Bustin' Loose is a soundtrack album released by Roberta Flack in 1981. It was recorded for the movie of the same title starring Richard Pryor. Luther Vandross and Peabo Bryson contributed vocals to the album and Vandross wrote the song, "You Stopped Loving Me", which he later performed himself on his debut album Never Too Much.

====Track listing====

| No. | Title | Writer(s) | Length |
|---|---|---|---|
| 1. | ""Lovin' You (Is Such an Easy Thang to Do)"" | Roberta Flack | 5:57 |
| 2. | "Rollin' On" | Roberta Flack; Buddy Williams; | 4:17 |
| 3. | ""You Stopped Loving Me"" | Luther Vandross | 4:32 |
| 4. | ""Just When I Needed You"" | Roberta Flack; Eric Mercury; | 4:48 |
| 5. | ""Qual E Malindrinho (Why Are You So Bad)"" | Roberta Flack; Dwight Watkins; | 4:47 |
| 6. | ""Love Always Commands"" | Roberta Flack; Eric Mercury; | 6:27 |
| 7. | ""Children Song"" | Roberta Flack; Barry Miles; Dwight Watkins; | 4:40 |
| 8. | ""Ballad for D."" | Peabo Bryson; Roberta Flack; Buddy Williams; | 3:35 |
| 9. | ""Hittin' Me Where It Hurts"" | William D. Smith; Kathy Wakefield; | 3:43 |

====Personnel====
- Roberta Flack - vocals, piano
- Peabo Bryson - backing vocals
- Barry Miles - keyboards, arrangements
- Marcus Miller - bass
- Dom Um Romão - percussion
- Luther Vandross - backing vocals
- Georg Wadenius - guitar
- Buddy Williams - drums

==Reception==
Bustin' Loose opened number one at the box office in 828 theaters domestically. It grossed $6,622,753 in its opening weekend. Its run ended with $31,261,269 in the box office, domestically.

===Critical response===
Vincent Canby of The New York Times wrote in his review: "Only the incomparable Richard Pryor could make a comedy as determinedly, aggressively sentimental as Bustin' Loose, which is about eight needy orphans and a $15,000 mortgage that's due, and still get an R-rating.

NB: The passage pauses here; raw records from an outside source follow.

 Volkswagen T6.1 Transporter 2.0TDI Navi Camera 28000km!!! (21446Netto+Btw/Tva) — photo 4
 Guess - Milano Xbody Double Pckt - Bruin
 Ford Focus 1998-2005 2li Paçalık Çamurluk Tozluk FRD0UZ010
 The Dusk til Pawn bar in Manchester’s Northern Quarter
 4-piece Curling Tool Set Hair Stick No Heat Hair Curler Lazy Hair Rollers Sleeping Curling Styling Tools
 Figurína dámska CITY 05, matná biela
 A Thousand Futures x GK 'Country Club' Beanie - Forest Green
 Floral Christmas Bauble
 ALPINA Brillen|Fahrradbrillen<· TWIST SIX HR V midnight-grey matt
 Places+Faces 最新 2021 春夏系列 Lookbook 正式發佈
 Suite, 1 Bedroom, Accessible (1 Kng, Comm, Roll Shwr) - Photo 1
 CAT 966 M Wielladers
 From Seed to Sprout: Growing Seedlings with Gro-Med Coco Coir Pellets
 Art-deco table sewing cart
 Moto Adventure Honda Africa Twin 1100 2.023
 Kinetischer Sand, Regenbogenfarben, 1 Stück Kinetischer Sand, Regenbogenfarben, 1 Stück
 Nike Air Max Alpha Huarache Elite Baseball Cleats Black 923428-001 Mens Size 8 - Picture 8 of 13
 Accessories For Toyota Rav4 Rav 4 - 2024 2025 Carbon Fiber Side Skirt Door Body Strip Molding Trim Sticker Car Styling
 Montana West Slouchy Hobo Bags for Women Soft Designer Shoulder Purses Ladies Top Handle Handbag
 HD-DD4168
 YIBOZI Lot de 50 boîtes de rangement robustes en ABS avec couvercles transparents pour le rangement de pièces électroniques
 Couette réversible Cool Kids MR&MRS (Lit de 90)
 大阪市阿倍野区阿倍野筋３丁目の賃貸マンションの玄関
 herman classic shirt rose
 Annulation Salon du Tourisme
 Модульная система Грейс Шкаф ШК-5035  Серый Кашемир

Vulgar language is the reason, but because vulgar language is a basic part of the Pryor comedy method, one longs for his every assault on genteelism in Bustin' Loose, a film that would otherwise be painful." TV Guide gives Bustin' Loose 4 stars out of 5 stars.

==Release==
Bustin' Loose was released in theaters on May 22, 1981. The film was released on DVD on May 1, 2001, and again on January 11, 2005.